The Impact of Institutional arrangements on Resource Integration in Creative Professional Service Firms
Stephen’s research explores the impact of institutional arrangement on resource integration within the context of Creative Professional Service Firm.
Prior to joining the Institute for Design Innovation, Stephen worked in multiple well-known advertising agencies in New York City and Amsterdam, gaining international experience. Stephen holds an MRes (Master of Research) in Communication Design from the Royal College of Art (RCA). He obtained a BFA in Advertising and Design at the School of Visual Arts, New York City.
PhD research description
Stephen’s doctoral research investigates the significant role that institutional logics and structures play in enabling individuals to effectively combine resources within Creative Professional Service Firms (Creative-PSFs). Creative-PSFs are characterised by their focus on innovation as a means to both draw in business and satisfy client demands. Such firms rely on professionals working together to merge their expertise, skills, and time to produce results that are advantageous for all parties involved. Nevertheless, due to their project-focused approach, Creative-PSFs can harbour varying and at times conflicting institutional logics, resulting in internal strains.
To comprehend the interrelations among resource integration, institutional logics, and tensions in Creative-PSFs, Stephen’s study unravels the distinct attributes of Creative-PSFs, employing an analytical framework grounded in Service-Dominant (S-D) logic and the institutional logics perspective.
The research addresses three primary concerns. Firstly, there's an absence of a well-defined understanding of Creative-PSFs, as they are often grouped with the wider creative sector or conventional Professional Service Firms.

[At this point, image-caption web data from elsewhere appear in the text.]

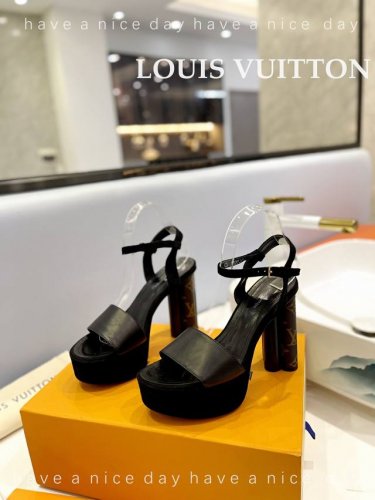 出厂 Loui& Vuitto&路易威登 法国代购新款驴牌 春夏首选 Monogram花卉系列 高端奢华 明星 秀场新款 绝对百搭的优雅气质款 超精致显长8.5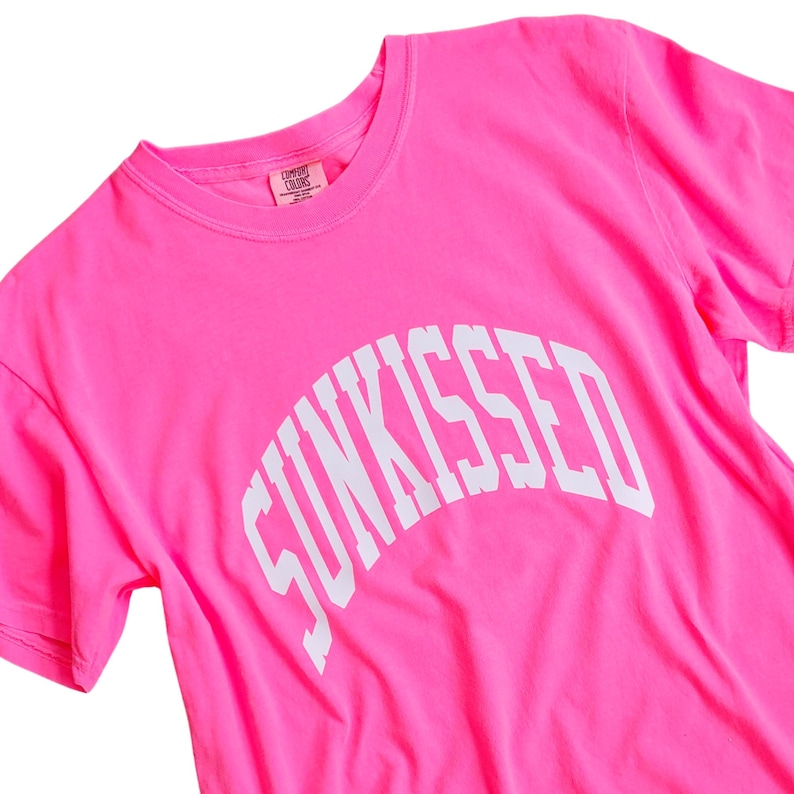 Camiseta rosa neón besada por el sol, camisetas de verano, camisetas oversize, camisetas preppy, camisetas playeras, ropa preppy, camisa de colores cómodos, camiseta de verano de moda imagen 5
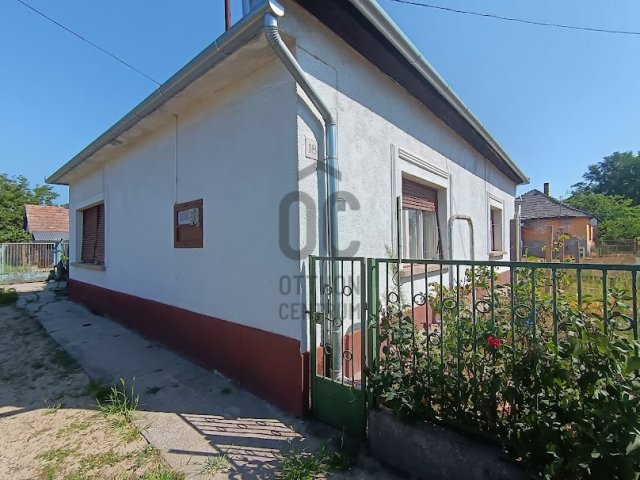 Eladó családi ház, Németkéren 23 M Ft, 3 szobás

Secondly, there is a theoretical misalignment in the application of institutional theory within S-D Logic theory, particularly the institutional logics viewpoint. Lastly, current Creative Industry studies tend to focus heavily on the creative aspects, neglecting other crucial roles. This leads to the pivotal question: How do institutional arrangements facilitate or impede actors' ability to integrate resources within Creative-PSF Projects?